個人差のほとんどない人としての大きさ、バランスや密度について考えてみたい。

人の大きさは、一人一人それほど変らない。ここで言う「大きさ」とは身長やウェストのサイズのことではない。人の生命力、潜在的な能力、本能的な思考、あるいは、存在価値のことである。

自分を中心に半径10メートルの円を描く。例えば、それが自分の「人としての大きさ」である。電車で隣り合わせる人も、道行く人も、畑を耕す人も、高層ビルで働く人も、もしそんな形で人としての大きさを測ったら、ほとんど変らないだろう。ある人は半径9メートル99センチ、他のある人は10メートル2センチという具合に多少の違いはあるかも知れないが、平均は10メートルであり、10センチも20センチも違うものではないようである。

具体的に人の大きさが半径10メートルかどうかは別にして、そんな平面的な(あるいは、立体的な)広がりが人にはあるだろう。そして、そのような「人の大きさ」、平面的な広がりは、いくつかの支柱で支えられる。それらの支柱は対称的であることが望ましい。対称的でないとバランスが悪くて平面的な広がりを支えることが困難になる。強固な支柱で全体を片側から支えるのであれば、適度に柔軟な支柱で両側を支えるほうがバランスが良い。

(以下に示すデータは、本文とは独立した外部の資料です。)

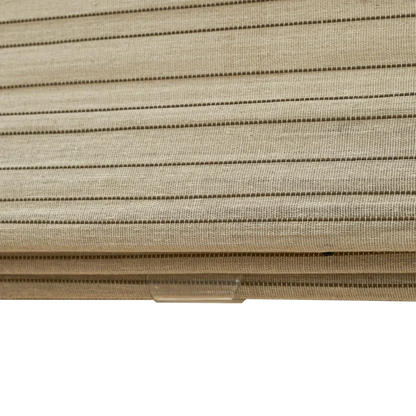 Natural linen bamboo shade with black stripes, eco-friendly and handcrafted.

この支柱の構造を決めるのは、先天的な要素もあるかも知れないが、基本的には「教育」、「訓練」、「心がけ」などである。これらが支柱のバランス、強度、柔軟性、支柱間の密度や構成を決める。特別な教育がなくても、最低限の教育を受けて、人として生活しているのであれば、一定以上のバランスや強度を持っていることだろう。

ほぼ変らない「人の大きさ」と一定以上の支柱のバランスや強度を持つ我々はそれぞれ、それほど変らない。

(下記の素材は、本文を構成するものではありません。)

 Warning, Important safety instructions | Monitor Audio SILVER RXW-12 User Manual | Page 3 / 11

変るのは、支柱の構成であり、密度、支柱の強度や柔軟性である。そして、それらを構築したり、取り替えたり、補強したり、成長・進化させるのは、「教育」である。

一方で、偏った教育によって、バランスの悪い支柱の構造を作りあげてしまうこともある。

最先端の新素材で強固な支柱を構築したと誇らしげな人も、実は竹のような柔軟な支柱に及ばないかも知れない。

鉄で全体を厚く覆うよりは、適切な素材で、適切なバランスを実現する方が効果的であったりする。

個人差のほとんどない人としての価値をどう支えるかが問題である。